When asked how much time she allocated to the chapter over the summer, I was surprised by her response — an average of 10-20 hours per week. Her assignment? Preparing the chapter for New Student Outreach this fall. What a commitment! As she laid out her team’s plans, I felt my heart racing with excitement.
Back on Campus
Of 80 returning core students in the chapter, 27 have chosen to live in freshmen dorms. Since upperclassmen generally avoid less mature first year students, this represents a major sacrifice. Their intent is to build authentic friendships, open up conversations about the Lord and launch small group Bible studies.
“The first 72 hours on campus are critical in setting the trajectory of a freshman’s four years,” Lauren observes. Part of the chapter’s strategy is to have “welcome teams” help freshmen move into dorms and to provide free lemonade (with contact information on the cup). Freezie-pops will also be distributed — a tradition that goes back five years — on what is typically a hot move-in day.
In preparation for the new year, the chapter’s website and Facebook page have been overhauled — complete with lots of new photos. Prior to placing a single foot on campus, several freshmen are already making solid steps to become part of the community.
Over the next month, the chapter will host several outreach events — including a root beer kegger, salsa dancing and a bonfire gathering. Large group also will commence.
Lauren’s enthusiasm touches me deeply. Having just returned from IFES World Assembly in Poland, I am passionate about student initiative.
During World Assembly, I was repeatedly struck by just how much responsibility our 150 sister movements assign to student leaders. In Ethiopia, for example, a student team leads a chapter of 2,000. An itinerant campus staff member checks in with them periodically.

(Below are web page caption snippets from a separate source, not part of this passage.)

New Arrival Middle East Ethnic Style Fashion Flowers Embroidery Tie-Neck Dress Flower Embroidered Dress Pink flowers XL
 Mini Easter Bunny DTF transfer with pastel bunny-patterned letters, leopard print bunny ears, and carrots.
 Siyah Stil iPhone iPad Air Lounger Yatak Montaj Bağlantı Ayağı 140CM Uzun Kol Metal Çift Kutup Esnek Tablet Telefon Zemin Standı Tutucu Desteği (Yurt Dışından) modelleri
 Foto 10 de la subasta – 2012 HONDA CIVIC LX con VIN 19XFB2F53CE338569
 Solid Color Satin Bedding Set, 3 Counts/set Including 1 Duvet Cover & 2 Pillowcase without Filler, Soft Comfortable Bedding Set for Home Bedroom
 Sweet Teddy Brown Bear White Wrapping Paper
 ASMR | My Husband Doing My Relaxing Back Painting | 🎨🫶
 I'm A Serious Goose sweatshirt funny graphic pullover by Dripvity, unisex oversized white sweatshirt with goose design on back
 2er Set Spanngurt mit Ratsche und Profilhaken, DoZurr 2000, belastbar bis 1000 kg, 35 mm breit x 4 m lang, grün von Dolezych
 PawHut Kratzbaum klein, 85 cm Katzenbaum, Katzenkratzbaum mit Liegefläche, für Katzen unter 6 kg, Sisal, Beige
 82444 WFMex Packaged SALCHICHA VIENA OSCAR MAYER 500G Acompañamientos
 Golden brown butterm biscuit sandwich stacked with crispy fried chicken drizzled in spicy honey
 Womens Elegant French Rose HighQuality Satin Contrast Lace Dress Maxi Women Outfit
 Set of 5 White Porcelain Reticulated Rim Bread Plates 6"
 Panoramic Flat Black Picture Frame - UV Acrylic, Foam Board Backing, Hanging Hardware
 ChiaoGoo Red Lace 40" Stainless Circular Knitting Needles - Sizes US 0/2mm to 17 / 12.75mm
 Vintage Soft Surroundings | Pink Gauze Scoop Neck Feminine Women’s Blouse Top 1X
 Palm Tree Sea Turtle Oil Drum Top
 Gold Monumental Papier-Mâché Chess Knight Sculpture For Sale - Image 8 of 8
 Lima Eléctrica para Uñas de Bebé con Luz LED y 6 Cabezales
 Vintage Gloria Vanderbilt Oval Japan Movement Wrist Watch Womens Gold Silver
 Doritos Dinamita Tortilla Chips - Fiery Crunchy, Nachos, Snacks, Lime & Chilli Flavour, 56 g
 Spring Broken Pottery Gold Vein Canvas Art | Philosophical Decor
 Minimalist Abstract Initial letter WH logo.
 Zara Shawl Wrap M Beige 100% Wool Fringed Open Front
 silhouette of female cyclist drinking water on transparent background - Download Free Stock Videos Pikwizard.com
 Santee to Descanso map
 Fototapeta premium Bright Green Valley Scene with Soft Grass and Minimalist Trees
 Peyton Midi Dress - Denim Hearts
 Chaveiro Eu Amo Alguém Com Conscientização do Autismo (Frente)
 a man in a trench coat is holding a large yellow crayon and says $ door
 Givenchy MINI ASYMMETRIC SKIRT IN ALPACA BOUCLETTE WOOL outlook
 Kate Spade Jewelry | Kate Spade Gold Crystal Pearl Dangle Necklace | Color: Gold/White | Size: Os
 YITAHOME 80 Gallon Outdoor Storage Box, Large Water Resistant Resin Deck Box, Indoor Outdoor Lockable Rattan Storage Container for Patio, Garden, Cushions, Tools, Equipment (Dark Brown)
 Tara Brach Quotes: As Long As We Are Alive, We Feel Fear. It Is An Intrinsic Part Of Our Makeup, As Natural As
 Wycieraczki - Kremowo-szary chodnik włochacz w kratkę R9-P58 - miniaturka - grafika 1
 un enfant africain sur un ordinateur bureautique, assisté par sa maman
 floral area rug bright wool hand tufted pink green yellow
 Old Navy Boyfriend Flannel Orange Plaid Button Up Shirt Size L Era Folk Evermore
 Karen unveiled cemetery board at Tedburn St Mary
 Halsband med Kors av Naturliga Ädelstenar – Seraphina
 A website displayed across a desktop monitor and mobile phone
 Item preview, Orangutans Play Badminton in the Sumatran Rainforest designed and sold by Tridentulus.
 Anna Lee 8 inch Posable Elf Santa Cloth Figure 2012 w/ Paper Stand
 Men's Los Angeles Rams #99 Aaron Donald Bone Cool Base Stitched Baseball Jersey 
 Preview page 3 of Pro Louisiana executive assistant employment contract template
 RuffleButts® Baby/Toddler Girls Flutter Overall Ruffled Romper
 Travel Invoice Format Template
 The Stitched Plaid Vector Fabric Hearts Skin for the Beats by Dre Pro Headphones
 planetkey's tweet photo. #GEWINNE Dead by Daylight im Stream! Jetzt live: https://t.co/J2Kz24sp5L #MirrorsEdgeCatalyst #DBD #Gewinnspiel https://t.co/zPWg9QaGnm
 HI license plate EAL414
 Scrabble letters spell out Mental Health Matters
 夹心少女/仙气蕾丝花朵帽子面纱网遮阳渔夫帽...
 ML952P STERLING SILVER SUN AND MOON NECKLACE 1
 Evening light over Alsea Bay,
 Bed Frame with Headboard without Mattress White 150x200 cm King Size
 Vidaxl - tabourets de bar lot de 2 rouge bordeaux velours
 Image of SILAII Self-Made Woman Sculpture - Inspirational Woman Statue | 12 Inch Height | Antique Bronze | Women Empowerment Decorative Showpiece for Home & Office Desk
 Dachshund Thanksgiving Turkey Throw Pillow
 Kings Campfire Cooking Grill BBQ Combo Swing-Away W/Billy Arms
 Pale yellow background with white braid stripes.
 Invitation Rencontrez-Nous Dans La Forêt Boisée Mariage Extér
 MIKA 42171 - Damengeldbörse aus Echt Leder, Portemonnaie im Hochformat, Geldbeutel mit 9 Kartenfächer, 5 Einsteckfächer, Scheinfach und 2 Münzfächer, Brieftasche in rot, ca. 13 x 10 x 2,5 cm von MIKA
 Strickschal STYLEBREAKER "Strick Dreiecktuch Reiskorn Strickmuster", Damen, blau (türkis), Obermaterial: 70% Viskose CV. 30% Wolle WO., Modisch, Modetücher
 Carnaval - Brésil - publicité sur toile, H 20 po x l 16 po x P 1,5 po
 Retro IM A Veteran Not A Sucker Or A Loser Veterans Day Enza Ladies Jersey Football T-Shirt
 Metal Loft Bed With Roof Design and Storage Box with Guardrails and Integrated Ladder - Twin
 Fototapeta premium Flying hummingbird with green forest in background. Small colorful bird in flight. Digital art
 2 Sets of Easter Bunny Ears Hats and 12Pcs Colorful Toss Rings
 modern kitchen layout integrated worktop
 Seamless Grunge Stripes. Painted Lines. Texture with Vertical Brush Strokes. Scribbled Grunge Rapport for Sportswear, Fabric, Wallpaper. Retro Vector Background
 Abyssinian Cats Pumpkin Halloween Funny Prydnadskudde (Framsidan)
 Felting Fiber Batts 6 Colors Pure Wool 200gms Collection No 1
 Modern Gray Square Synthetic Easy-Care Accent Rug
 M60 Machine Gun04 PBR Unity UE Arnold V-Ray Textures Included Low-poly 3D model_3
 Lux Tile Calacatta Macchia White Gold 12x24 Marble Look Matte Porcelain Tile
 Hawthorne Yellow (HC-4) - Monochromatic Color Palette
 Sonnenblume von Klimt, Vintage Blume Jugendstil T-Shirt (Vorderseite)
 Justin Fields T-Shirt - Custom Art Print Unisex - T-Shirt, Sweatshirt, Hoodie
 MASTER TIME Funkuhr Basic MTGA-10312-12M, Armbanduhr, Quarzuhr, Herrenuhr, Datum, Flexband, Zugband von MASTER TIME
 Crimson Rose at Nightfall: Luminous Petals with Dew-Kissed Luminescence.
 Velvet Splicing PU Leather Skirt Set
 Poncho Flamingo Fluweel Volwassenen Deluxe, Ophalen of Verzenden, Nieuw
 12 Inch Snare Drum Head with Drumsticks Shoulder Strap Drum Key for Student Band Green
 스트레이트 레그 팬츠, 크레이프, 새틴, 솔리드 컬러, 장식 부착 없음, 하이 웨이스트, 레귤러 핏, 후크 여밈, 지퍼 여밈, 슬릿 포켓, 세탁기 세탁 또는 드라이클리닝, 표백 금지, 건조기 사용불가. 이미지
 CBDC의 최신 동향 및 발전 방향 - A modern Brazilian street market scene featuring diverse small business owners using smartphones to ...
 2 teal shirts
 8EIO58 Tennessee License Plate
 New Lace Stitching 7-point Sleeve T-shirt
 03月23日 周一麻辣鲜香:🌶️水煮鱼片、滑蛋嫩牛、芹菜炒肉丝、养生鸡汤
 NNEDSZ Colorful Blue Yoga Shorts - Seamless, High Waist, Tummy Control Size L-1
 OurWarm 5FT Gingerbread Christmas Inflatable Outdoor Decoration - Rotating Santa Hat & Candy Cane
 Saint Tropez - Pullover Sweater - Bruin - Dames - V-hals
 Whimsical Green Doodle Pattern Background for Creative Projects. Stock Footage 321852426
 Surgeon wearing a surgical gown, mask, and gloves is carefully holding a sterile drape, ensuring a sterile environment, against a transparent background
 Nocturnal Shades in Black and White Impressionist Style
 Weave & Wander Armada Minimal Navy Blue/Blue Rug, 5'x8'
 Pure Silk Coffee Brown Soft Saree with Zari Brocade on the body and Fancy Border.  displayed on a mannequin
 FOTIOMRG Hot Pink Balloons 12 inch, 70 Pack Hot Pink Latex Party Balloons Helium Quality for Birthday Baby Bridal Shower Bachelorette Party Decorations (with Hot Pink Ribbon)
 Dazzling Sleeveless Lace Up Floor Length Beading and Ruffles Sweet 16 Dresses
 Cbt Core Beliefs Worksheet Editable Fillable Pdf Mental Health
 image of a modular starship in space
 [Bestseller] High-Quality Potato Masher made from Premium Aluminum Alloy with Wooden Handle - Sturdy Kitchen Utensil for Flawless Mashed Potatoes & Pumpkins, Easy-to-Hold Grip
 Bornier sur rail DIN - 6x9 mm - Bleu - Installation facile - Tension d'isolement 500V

In the United States, we are blessed to have staff serve as mentors and coaches to our student leaders on a much more intimate basis. In doing so, however, we must be vigilant to strengthen student leadership.
Lauren Anderson represents just one of our 7,907 chapter leaders. If she is typical of the rest — and I believe she is — InterVarsity’s future is very bright. This is true even if staff access to campus becomes more restricted. May their light shine brightly across the country this fall and throughout the year.